What the task asks — Exactly as written, reproduce all of the entries.

Caption-style text data:
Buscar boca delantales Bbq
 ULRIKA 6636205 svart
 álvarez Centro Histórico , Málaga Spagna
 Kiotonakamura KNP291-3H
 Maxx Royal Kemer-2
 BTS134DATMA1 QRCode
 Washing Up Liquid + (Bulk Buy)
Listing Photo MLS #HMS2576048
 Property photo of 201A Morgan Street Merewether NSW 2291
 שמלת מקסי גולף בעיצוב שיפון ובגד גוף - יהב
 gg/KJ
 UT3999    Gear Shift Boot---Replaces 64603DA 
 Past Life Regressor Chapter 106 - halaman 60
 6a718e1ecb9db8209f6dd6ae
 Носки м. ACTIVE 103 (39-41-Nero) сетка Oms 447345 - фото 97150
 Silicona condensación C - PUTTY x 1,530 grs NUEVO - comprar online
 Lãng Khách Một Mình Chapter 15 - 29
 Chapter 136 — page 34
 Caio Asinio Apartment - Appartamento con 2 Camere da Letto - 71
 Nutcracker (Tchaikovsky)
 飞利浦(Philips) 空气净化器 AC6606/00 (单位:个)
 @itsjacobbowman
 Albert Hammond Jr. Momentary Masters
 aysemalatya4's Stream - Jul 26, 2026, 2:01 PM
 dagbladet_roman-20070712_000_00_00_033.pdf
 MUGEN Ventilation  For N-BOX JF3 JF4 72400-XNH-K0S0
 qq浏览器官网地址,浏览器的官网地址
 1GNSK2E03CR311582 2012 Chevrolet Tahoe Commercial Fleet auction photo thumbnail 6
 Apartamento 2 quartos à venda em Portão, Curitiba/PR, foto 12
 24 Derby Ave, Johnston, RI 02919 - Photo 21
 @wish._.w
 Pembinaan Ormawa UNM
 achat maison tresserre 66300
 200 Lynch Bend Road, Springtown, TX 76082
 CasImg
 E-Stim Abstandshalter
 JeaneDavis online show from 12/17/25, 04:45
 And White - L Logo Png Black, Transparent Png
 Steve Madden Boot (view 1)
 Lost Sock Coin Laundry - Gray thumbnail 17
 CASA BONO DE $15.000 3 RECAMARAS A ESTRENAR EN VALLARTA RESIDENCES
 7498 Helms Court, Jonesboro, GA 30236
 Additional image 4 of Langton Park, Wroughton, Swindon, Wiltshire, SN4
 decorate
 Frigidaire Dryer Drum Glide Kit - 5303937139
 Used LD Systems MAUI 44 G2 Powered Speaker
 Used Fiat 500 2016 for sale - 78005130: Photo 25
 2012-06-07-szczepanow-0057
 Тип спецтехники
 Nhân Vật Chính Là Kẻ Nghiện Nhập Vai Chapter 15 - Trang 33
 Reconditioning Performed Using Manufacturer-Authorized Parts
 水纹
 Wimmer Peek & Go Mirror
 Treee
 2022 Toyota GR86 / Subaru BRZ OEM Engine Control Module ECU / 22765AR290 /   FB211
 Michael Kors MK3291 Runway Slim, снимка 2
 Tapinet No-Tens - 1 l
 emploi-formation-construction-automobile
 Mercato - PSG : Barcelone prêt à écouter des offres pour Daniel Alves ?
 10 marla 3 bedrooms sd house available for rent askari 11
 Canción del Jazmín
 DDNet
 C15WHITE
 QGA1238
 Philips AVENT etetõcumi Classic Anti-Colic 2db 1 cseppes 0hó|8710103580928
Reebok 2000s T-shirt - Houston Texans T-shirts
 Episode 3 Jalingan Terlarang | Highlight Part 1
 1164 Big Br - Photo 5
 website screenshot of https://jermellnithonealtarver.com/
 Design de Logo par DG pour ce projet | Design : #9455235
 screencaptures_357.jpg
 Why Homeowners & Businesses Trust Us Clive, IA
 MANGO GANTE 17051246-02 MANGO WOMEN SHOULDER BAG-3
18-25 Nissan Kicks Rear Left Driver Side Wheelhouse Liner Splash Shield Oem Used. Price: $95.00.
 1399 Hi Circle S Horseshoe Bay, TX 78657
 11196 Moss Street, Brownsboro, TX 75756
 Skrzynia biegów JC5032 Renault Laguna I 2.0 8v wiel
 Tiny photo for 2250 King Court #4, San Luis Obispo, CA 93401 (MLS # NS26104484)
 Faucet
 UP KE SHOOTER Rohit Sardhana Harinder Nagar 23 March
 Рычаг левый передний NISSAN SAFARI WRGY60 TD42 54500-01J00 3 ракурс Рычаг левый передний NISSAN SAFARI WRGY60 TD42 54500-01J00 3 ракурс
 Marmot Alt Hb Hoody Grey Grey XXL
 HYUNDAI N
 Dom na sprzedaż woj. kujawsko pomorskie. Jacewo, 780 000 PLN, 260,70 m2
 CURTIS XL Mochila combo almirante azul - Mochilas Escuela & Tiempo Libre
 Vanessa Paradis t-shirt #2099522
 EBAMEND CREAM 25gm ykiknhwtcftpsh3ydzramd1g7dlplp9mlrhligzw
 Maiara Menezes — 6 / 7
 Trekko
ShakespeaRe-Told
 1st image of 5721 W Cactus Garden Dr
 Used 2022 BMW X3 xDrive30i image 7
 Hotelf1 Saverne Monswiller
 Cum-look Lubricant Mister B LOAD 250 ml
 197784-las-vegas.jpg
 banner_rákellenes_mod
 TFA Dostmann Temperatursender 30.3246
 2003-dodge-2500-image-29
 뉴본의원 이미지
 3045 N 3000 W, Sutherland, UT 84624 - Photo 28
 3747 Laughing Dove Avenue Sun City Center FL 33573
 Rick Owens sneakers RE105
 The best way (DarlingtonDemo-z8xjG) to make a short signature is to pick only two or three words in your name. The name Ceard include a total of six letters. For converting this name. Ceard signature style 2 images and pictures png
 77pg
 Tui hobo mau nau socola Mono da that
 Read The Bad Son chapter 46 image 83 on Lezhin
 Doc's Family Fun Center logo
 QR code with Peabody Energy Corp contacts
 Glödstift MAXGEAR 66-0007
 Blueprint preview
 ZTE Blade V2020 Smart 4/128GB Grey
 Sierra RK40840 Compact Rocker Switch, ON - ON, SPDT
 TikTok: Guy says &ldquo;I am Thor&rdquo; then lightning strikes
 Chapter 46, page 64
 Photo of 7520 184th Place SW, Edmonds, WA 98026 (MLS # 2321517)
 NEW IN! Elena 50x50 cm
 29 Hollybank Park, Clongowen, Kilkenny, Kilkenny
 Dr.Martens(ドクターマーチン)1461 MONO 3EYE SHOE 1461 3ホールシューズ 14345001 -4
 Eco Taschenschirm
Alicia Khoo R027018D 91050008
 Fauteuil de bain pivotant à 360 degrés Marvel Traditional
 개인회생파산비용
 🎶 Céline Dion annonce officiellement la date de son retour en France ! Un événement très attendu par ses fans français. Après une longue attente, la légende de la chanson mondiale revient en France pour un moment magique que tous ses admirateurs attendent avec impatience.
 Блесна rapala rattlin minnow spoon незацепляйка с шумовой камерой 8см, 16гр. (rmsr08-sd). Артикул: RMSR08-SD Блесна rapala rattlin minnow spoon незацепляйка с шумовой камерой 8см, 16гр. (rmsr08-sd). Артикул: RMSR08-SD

Result of the exercise —
Buscar boca delantales Bbq
 ULRIKA 6636205 svart
 álvarez Centro Histórico , Málaga Spagna
 Kiotonakamura KNP291-3H
 Maxx Royal Kemer-2
 BTS134DATMA1 QRCode
 Washing Up Liquid + (Bulk Buy)
Listing Photo MLS #HMS2576048
 Property photo of 201A Morgan Street Merewether NSW 2291
 שמלת מקסי גולף בעיצוב שיפון ובגד גוף - יהב
 gg/KJ
 UT3999    Gear Shift Boot---Replaces 64603DA 
 Past Life Regressor Chapter 106 - halaman 60
 6a718e1ecb9db8209f6dd6ae
 Носки м. ACTIVE 103 (39-41-Nero) сетка Oms 447345 - фото 97150
 Silicona condensación C - PUTTY x 1,530 grs NUEVO - comprar online
 Lãng Khách Một Mình Chapter 15 - 29
 Chapter 136 — page 34
 Caio Asinio Apartment - Appartamento con 2 Camere da Letto - 71
 Nutcracker (Tchaikovsky)
 飞利浦(Philips) 空气净化器 AC6606/00 (单位:个)
 @itsjacobbowman
 Albert Hammond Jr. Momentary Masters
 aysemalatya4's Stream - Jul 26, 2026, 2:01 PM
 dagbladet_roman-20070712_000_00_00_033.pdf
 MUGEN Ventilation  For N-BOX JF3 JF4 72400-XNH-K0S0
 qq浏览器官网地址,浏览器的官网地址
 1GNSK2E03CR311582 2012 Chevrolet Tahoe Commercial Fleet auction photo thumbnail 6
 Apartamento 2 quartos à venda em Portão, Curitiba/PR, foto 12
 24 Derby Ave, Johnston, RI 02919 - Photo 21
 @wish._.w
 Pembinaan Ormawa UNM
 achat maison tresserre 66300
 200 Lynch Bend Road, Springtown, TX 76082
 CasImg
 E-Stim Abstandshalter
 JeaneDavis online show from 12/17/25, 04:45
 And White - L Logo Png Black, Transparent Png
 Steve Madden Boot (view 1)
 Lost Sock Coin Laundry - Gray thumbnail 17
 CASA BONO DE $15.000 3 RECAMARAS A ESTRENAR EN VALLARTA RESIDENCES
 7498 Helms Court, Jonesboro, GA 30236
 Additional image 4 of Langton Park, Wroughton, Swindon, Wiltshire, SN4
 decorate
 Frigidaire Dryer Drum Glide Kit - 5303937139
 Used LD Systems MAUI 44 G2 Powered Speaker
 Used Fiat 500 2016 for sale - 78005130: Photo 25
 2012-06-07-szczepanow-0057
 Тип спецтехники
 Nhân Vật Chính Là Kẻ Nghiện Nhập Vai Chapter 15 - Trang 33
 Reconditioning Performed Using Manufacturer-Authorized Parts
 水纹
 Wimmer Peek & Go Mirror
 Treee
 2022 Toyota GR86 / Subaru BRZ OEM Engine Control Module ECU / 22765AR290 /   FB211
 Michael Kors MK3291 Runway Slim, снимка 2
 Tapinet No-Tens - 1 l
 emploi-formation-construction-automobile
 Mercato - PSG : Barcelone prêt à écouter des offres pour Daniel Alves ?
 10 marla 3 bedrooms sd house available for rent askari 11
 Canción del Jazmín
 DDNet
 C15WHITE
 QGA1238
 Philips AVENT etetõcumi Classic Anti-Colic 2db 1 cseppes 0hó|8710103580928
Reebok 2000s T-shirt - Houston Texans T-shirts
 Episode 3 Jalingan Terlarang | Highlight Part 1
 1164 Big Br - Photo 5
 website screenshot of https://jermellnithonealtarver.com/
 Design de Logo par DG pour ce projet | Design : #9455235
 screencaptures_357.jpg
 Why Homeowners & Businesses Trust Us Clive, IA
 MANGO GANTE 17051246-02 MANGO WOMEN SHOULDER BAG-3
18-25 Nissan Kicks Rear Left Driver Side Wheelhouse Liner Splash Shield Oem Used. Price: $95.00.
 1399 Hi Circle S Horseshoe Bay, TX 78657
 11196 Moss Street, Brownsboro, TX 75756
 Skrzynia biegów JC5032 Renault Laguna I 2.0 8v wiel
 Tiny photo for 2250 King Court #4, San Luis Obispo, CA 93401 (MLS # NS26104484)
 Faucet
 UP KE SHOOTER Rohit Sardhana Harinder Nagar 23 March
 Рычаг левый передний NISSAN SAFARI WRGY60 TD42 54500-01J00 3 ракурс Рычаг левый передний NISSAN SAFARI WRGY60 TD42 54500-01J00 3 ракурс
 Marmot Alt Hb Hoody Grey Grey XXL
 HYUNDAI N
 Dom na sprzedaż woj. kujawsko pomorskie. Jacewo, 780 000 PLN, 260,70 m2
 CURTIS XL Mochila combo almirante azul - Mochilas Escuela & Tiempo Libre
 Vanessa Paradis t-shirt #2099522
 EBAMEND CREAM 25gm ykiknhwtcftpsh3ydzramd1g7dlplp9mlrhligzw
 Maiara Menezes — 6 / 7
 Trekko
ShakespeaRe-Told
 1st image of 5721 W Cactus Garden Dr
 Used 2022 BMW X3 xDrive30i image 7
 Hotelf1 Saverne Monswiller
 Cum-look Lubricant Mister B LOAD 250 ml
 197784-las-vegas.jpg
 banner_rákellenes_mod
 TFA Dostmann Temperatursender 30.3246
 2003-dodge-2500-image-29
 뉴본의원 이미지
 3045 N 3000 W, Sutherland, UT 84624 - Photo 28
 3747 Laughing Dove Avenue Sun City Center FL 33573
 Rick Owens sneakers RE105
 The best way (DarlingtonDemo-z8xjG) to make a short signature is to pick only two or three words in your name. The name Ceard include a total of six letters. For converting this name. Ceard signature style 2 images and pictures png
 77pg
 Tui hobo mau nau socola Mono da that
 Read The Bad Son chapter 46 image 83 on Lezhin
 Doc's Family Fun Center logo
 QR code with Peabody Energy Corp contacts
 Glödstift MAXGEAR 66-0007
 Blueprint preview
 ZTE Blade V2020 Smart 4/128GB Grey
 Sierra RK40840 Compact Rocker Switch, ON - ON, SPDT
 TikTok: Guy says &ldquo;I am Thor&rdquo; then lightning strikes
 Chapter 46, page 64
 Photo of 7520 184th Place SW, Edmonds, WA 98026 (MLS # 2321517)
 NEW IN! Elena 50x50 cm
 29 Hollybank Park, Clongowen, Kilkenny, Kilkenny
 Dr.Martens(ドクターマーチン)1461 MONO 3EYE SHOE 1461 3ホールシューズ 14345001 -4
 Eco Taschenschirm
Alicia Khoo R027018D 91050008
 Fauteuil de bain pivotant à 360 degrés Marvel Traditional
 개인회생파산비용
 🎶 Céline Dion annonce officiellement la date de son retour en France ! Un événement très attendu par ses fans français. Après une longue attente, la légende de la chanson mondiale revient en France pour un moment magique que tous ses admirateurs attendent avec impatience.
 Блесна rapala rattlin minnow spoon незацепляйка с шумовой камерой 8см, 16гр. (rmsr08-sd). Артикул: RMSR08-SD Блесна rapala rattlin minnow spoon незацепляйка с шумовой камерой 8см, 16гр. (rmsr08-sd). Артикул: RMSR08-SD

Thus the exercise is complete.